=== Begin Enclosure ===
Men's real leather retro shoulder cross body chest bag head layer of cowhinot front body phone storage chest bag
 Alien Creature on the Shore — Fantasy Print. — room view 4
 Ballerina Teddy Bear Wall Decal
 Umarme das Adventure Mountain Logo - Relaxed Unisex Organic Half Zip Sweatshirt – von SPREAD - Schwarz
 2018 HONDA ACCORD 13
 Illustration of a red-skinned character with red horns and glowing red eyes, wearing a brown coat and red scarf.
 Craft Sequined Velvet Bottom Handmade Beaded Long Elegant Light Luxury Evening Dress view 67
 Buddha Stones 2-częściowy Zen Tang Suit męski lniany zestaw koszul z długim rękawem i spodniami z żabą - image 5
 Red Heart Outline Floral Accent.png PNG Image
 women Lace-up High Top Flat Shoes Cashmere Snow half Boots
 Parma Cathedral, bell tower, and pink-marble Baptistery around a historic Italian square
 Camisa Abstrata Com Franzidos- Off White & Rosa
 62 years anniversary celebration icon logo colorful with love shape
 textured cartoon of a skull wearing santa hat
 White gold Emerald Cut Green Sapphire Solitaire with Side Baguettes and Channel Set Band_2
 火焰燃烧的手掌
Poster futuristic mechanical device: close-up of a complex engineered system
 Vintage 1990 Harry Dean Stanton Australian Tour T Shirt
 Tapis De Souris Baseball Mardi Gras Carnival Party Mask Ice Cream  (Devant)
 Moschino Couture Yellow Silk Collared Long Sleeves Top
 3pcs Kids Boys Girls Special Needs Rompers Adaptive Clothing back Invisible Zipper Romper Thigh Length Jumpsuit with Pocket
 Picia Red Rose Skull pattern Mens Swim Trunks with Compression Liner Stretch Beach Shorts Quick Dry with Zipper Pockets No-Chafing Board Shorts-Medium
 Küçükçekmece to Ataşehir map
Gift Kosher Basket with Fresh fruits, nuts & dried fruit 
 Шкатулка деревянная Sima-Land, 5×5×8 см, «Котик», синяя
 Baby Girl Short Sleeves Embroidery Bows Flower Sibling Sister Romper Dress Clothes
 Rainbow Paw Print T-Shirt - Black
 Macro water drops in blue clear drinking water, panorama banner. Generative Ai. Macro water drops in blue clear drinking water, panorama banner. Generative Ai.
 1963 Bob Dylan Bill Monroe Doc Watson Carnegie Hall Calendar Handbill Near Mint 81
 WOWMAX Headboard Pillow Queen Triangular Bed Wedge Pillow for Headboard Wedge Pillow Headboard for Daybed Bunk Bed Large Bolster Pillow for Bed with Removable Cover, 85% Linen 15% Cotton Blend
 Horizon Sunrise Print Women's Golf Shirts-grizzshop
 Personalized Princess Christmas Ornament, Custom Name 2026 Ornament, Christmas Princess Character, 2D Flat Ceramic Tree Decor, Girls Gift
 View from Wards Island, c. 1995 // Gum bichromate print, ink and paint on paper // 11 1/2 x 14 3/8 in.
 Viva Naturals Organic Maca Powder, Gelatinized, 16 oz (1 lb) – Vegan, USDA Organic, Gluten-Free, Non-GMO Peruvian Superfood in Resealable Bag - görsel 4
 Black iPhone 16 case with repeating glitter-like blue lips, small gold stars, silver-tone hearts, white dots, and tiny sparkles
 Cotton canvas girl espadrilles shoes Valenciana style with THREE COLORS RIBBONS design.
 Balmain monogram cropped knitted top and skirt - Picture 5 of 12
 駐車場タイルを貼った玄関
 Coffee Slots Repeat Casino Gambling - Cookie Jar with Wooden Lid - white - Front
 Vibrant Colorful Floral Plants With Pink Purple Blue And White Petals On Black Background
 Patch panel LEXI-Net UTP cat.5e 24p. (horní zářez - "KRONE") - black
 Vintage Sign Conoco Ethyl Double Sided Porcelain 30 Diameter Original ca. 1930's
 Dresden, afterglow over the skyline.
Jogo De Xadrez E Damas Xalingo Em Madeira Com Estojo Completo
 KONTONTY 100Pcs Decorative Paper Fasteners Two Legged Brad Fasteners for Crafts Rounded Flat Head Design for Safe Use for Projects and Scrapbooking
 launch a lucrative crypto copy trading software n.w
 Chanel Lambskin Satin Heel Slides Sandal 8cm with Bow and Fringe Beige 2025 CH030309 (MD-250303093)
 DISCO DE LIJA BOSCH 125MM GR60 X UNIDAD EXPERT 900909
=== End Enclosure ===
A full, exact copy of the entries is required. Return it.

### COMPLETED TASK
Men's real leather retro shoulder cross body chest bag head layer of cowhinot front body phone storage chest bag
 Alien Creature on the Shore — Fantasy Print. — room view 4
 Ballerina Teddy Bear Wall Decal
 Umarme das Adventure Mountain Logo - Relaxed Unisex Organic Half Zip Sweatshirt – von SPREAD - Schwarz
 2018 HONDA ACCORD 13
 Illustration of a red-skinned character with red horns and glowing red eyes, wearing a brown coat and red scarf.
 Craft Sequined Velvet Bottom Handmade Beaded Long Elegant Light Luxury Evening Dress view 67
 Buddha Stones 2-częściowy Zen Tang Suit męski lniany zestaw koszul z długim rękawem i spodniami z żabą - image 5
 Red Heart Outline Floral Accent.png PNG Image
 women Lace-up High Top Flat Shoes Cashmere Snow half Boots
 Parma Cathedral, bell tower, and pink-marble Baptistery around a historic Italian square
 Camisa Abstrata Com Franzidos- Off White & Rosa
 62 years anniversary celebration icon logo colorful with love shape
 textured cartoon of a skull wearing santa hat
 White gold Emerald Cut Green Sapphire Solitaire with Side Baguettes and Channel Set Band_2
 火焰燃烧的手掌
Poster futuristic mechanical device: close-up of a complex engineered system
 Vintage 1990 Harry Dean Stanton Australian Tour T Shirt
 Tapis De Souris Baseball Mardi Gras Carnival Party Mask Ice Cream  (Devant)
 Moschino Couture Yellow Silk Collared Long Sleeves Top
 3pcs Kids Boys Girls Special Needs Rompers Adaptive Clothing back Invisible Zipper Romper Thigh Length Jumpsuit with Pocket
 Picia Red Rose Skull pattern Mens Swim Trunks with Compression Liner Stretch Beach Shorts Quick Dry with Zipper Pockets No-Chafing Board Shorts-Medium
 Küçükçekmece to Ataşehir map
Gift Kosher Basket with Fresh fruits, nuts & dried fruit 
 Шкатулка деревянная Sima-Land, 5×5×8 см, «Котик», синяя
 Baby Girl Short Sleeves Embroidery Bows Flower Sibling Sister Romper Dress Clothes
 Rainbow Paw Print T-Shirt - Black
 Macro water drops in blue clear drinking water, panorama banner. Generative Ai. Macro water drops in blue clear drinking water, panorama banner. Generative Ai.
 1963 Bob Dylan Bill Monroe Doc Watson Carnegie Hall Calendar Handbill Near Mint 81
 WOWMAX Headboard Pillow Queen Triangular Bed Wedge Pillow for Headboard Wedge Pillow Headboard for Daybed Bunk Bed Large Bolster Pillow for Bed with Removable Cover, 85% Linen 15% Cotton Blend
 Horizon Sunrise Print Women's Golf Shirts-grizzshop
 Personalized Princess Christmas Ornament, Custom Name 2026 Ornament, Christmas Princess Character, 2D Flat Ceramic Tree Decor, Girls Gift
 View from Wards Island, c. 1995 // Gum bichromate print, ink and paint on paper // 11 1/2 x 14 3/8 in.
 Viva Naturals Organic Maca Powder, Gelatinized, 16 oz (1 lb) – Vegan, USDA Organic, Gluten-Free, Non-GMO Peruvian Superfood in Resealable Bag - görsel 4
 Black iPhone 16 case with repeating glitter-like blue lips, small gold stars, silver-tone hearts, white dots, and tiny sparkles
 Cotton canvas girl espadrilles shoes Valenciana style with THREE COLORS RIBBONS design.
 Balmain monogram cropped knitted top and skirt - Picture 5 of 12
 駐車場タイルを貼った玄関
 Coffee Slots Repeat Casino Gambling - Cookie Jar with Wooden Lid - white - Front
 Vibrant Colorful Floral Plants With Pink Purple Blue And White Petals On Black Background
 Patch panel LEXI-Net UTP cat.5e 24p. (horní zářez - "KRONE") - black
 Vintage Sign Conoco Ethyl Double Sided Porcelain 30 Diameter Original ca. 1930's
 Dresden, afterglow over the skyline.
Jogo De Xadrez E Damas Xalingo Em Madeira Com Estojo Completo
 KONTONTY 100Pcs Decorative Paper Fasteners Two Legged Brad Fasteners for Crafts Rounded Flat Head Design for Safe Use for Projects and Scrapbooking
 launch a lucrative crypto copy trading software n.w
 Chanel Lambskin Satin Heel Slides Sandal 8cm with Bow and Fringe Beige 2025 CH030309 (MD-250303093)
 DISCO DE LIJA BOSCH 125MM GR60 X UNIDAD EXPERT 900909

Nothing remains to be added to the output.